While there would be a cost for that option, raised to deal with $3 million of the shortfall, it might only be for a limited time, acting council chief executive Athol Stephens said yesterday.

Dunedin Mayor Dave Cull said the plan was a "legitimate option", but he suspected the solution to "the problem" would be a combination of actions.

Mr Cull announced last Friday the city faced an annual $8 million shortfall, after it was confirmed the city's group of companies, overseen by Dunedin City Holdings Ltd, would not be able to pay $8 million of dividends in to council budgets.

But Cr Paul Hudson, chairman of the DCHL board, said on Friday Mr Stephens had advised the holding company he had no further need for it to supply $3 million for stadium management company Dunedin Venues Management Ltd (DVML), as he had achieved the result through other means.

Asked to explain the situation, Mr Stephens said servicing the annual public debt requirement for the Forsyth Barr Stadium would cost Dunedin Venues Ltd (DVL), the company that owns the stadium, about $10 million a year.

DVL would own an asset worth $225 million, have $140 million of debt, including private-sector debt, and equity of about $85 million, the difference between the two. To pay the $10 million, $5 million was to come from DCHL cash, up to $3 million from DCHL borrowings, and $2 million from "financial efficiencies".

The $3 million had always been included in budgeting, and had not changed since a Court of Appeal hearing in 2009, and before, Mr Stephens said.

"We know now we're not going to get the $3 million from DCHL," he said.

A "very critical assumption" was the length of the loan. The $3 million-a-year figure came about only if the loan was a 20-year loan.

"Why 20 years? Why not 30 years or 40 years? It's a long-term asset. It's going to be there for a long time."

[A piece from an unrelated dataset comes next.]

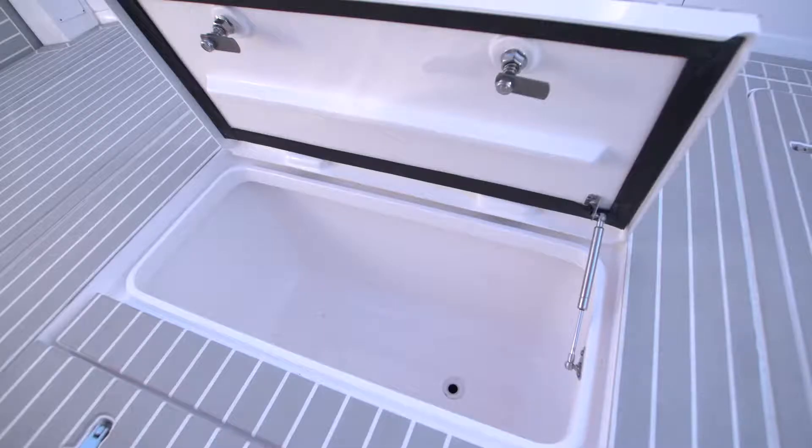Forward of the center-aft bilge compartment, we have a storage compartment. This is just a tub that drains into the bilge.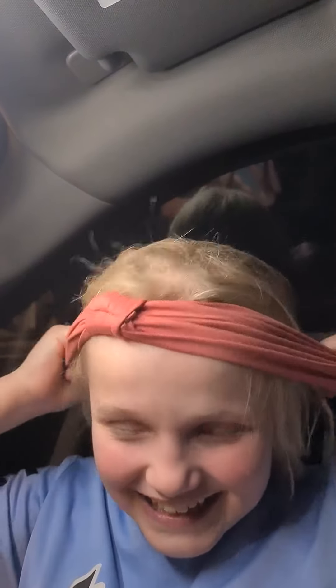Because it has this knot, I can wear it to more fancy things. I just put it on like this and pull a little bit of hair through it, and it looks super cute when you do it.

Financial modelling had been done for longer-term loans, and the idea of keeping it to 20 years was for "psychological" reasons.

Mr Stephens said DCHL had finally "flushed out a decent five-year plan".

"We know now the $3 million is not coming, so it's on to plan B."

That was the 40-year loan repayment, rather than 20 years. That would reduce the requirement for payments from DCHL from $10 million a year to about $7.3 million.

Mr Stephens said there would be a cost to that, but not necessarily in the long term.

After 10 years, DVML would have paid off its "private-sector debt", which would mean about $3 million a year would be freed up.

Private-sector debt was raised to cover money that would come in instalments for the stadium's "private-sector funding", which came from the sale of seating products and sponsorship.

The freed-up money could help pay off public debt, and decrease the term of the loan from, for instance, 40 years to 30.

The council would have to approve such a change, and the suggestion would be presented to the finance, strategy and development committee on September 5.

Mr Cull said he was not comfortable with the council's ability to service its debt: "We will be looking at a combination of actions."